How to Save the MBA: Teach Students to Think Like Designers
A response to the criticisms lobbed at MBA programs for producing flawed business leaders has been for programs to ramp up their ethics offerings. But according to Roger Martin, head of Canada's Rotman School of Management, what future business leaders really need is an education in multiple fields, including design.
In Martin's new book The Design of Business: Why Design Thinking is the Next Competitive Advantage, he argues that MBA programs focused solely on analytical thinking have made business managers lose their creative and intuitive sides. A blend of "design thinking" and analysis, Martin argues, could help MBA grads emerge as more complete managers.
So how can you integrate design thinking if you're already in the business world? Fast Company blogger Dev Patnaik recently participated in a lecture with Martin, and shared a few tips from their conversation:
- 1. Think of yourself as a designer when working out business strategies: Coming up with business strategies should emphasize possibilities over existing information and frameworks. Patnaik writes, "You can't analyze your way to real strategy. You have to create it from data, guts, empathy, creativity and a little thin air."

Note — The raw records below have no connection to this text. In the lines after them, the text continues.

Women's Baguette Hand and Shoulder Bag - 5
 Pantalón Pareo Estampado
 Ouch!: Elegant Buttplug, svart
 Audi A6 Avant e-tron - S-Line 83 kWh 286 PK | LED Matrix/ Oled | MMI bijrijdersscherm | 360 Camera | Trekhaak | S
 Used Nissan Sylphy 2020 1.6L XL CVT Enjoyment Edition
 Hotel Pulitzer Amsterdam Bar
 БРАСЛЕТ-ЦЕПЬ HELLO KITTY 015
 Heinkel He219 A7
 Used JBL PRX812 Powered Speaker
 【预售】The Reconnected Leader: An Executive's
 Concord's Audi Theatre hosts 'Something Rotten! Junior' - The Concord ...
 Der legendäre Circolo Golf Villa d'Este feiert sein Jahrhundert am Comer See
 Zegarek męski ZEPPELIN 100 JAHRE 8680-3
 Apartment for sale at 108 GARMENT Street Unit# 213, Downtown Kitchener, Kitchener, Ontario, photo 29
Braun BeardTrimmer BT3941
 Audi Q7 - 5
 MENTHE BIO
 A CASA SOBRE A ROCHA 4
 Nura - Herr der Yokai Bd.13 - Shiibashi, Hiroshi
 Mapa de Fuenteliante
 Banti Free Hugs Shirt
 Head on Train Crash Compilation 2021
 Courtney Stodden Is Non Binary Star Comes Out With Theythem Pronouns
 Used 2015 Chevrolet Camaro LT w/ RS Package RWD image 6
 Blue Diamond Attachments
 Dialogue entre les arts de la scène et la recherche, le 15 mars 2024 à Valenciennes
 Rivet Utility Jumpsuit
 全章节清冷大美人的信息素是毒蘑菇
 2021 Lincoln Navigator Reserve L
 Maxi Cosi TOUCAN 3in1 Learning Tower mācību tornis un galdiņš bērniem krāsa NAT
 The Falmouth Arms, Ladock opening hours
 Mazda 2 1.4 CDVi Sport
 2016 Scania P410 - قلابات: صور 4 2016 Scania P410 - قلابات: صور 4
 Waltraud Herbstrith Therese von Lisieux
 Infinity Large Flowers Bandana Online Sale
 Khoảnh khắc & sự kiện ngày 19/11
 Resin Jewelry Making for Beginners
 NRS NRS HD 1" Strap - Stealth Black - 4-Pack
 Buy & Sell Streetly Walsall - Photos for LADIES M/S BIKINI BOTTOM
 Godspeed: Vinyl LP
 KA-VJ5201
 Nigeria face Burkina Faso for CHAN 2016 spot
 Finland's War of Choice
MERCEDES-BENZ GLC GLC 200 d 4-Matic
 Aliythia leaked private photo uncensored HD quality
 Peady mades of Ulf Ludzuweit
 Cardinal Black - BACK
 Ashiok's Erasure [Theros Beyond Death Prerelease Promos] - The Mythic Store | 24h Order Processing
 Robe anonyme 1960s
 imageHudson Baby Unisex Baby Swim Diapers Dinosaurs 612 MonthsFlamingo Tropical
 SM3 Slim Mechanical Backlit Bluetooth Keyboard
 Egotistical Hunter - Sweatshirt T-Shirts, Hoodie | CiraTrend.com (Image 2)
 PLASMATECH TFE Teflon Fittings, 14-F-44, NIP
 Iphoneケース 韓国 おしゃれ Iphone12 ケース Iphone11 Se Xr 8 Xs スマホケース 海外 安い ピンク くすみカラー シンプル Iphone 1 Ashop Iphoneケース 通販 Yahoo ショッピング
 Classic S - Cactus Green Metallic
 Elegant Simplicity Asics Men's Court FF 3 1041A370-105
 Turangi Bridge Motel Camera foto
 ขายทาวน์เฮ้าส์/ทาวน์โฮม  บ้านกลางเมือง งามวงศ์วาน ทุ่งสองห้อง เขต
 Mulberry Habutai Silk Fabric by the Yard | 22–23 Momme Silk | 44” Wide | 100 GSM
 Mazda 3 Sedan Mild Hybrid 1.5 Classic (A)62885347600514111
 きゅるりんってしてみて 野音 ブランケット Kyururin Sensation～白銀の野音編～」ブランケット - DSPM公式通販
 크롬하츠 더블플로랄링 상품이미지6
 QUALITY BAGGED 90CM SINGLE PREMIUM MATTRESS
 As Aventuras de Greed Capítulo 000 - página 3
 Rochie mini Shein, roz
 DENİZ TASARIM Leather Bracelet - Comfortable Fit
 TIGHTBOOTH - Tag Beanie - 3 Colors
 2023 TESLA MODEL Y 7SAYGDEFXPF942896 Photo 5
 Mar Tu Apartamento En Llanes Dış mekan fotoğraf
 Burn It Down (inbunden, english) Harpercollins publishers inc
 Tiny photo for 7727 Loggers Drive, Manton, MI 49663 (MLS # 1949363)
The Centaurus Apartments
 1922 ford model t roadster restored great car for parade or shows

- 2. Make your leadership style a blend of analysis and intuition: Patnaik brings up the often-cited Steve Jobs to illustrate this point. While Jobs' intuition has produced great innovations like the iPod, his lack of business analysis has led to flops like the Power Mac G4 Cube. Business leaders need to work on developing both skills.
- 3. Throw out your templates: True "design thinking" happens when managers try to solve a problem or create a product that hasn't been seen in any form. However, Patnaik writes, "Most people, whatever their background, are more comfortable reapplying a formula that has worked in the past than at generating new possibilities. They just try to use a template from an existing success, which is the chief reason we see so many copycat products and copycat strategies."